» **The task**: Going line by line through the records below, write out everything starting with the line containing "VEVOR Drywall Cart, 3000" and going on through the line containing "Znak przeciwpożarowy wyłącznik prądu (219)", exactly and inclusively. Pictures do not go in.

» **Given entries**:
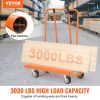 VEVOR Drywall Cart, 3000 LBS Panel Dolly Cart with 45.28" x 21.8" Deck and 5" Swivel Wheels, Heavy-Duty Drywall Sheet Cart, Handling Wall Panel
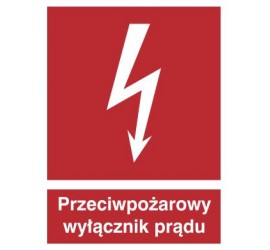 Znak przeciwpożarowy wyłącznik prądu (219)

...

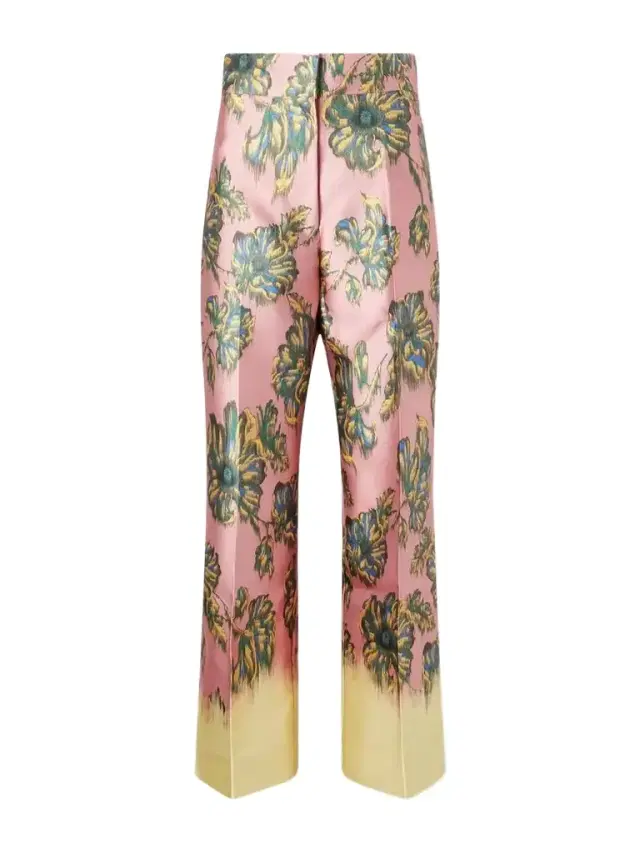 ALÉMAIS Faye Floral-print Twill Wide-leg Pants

» **Expected output**:
 VEVOR Drywall Cart, 3000 LBS Panel Dolly Cart with 45.28" x 21.8" Deck and 5" Swivel Wheels, Heavy-Duty Drywall Sheet Cart, Handling Wall Panel
 Znak przeciwpożarowy wyłącznik prądu (219)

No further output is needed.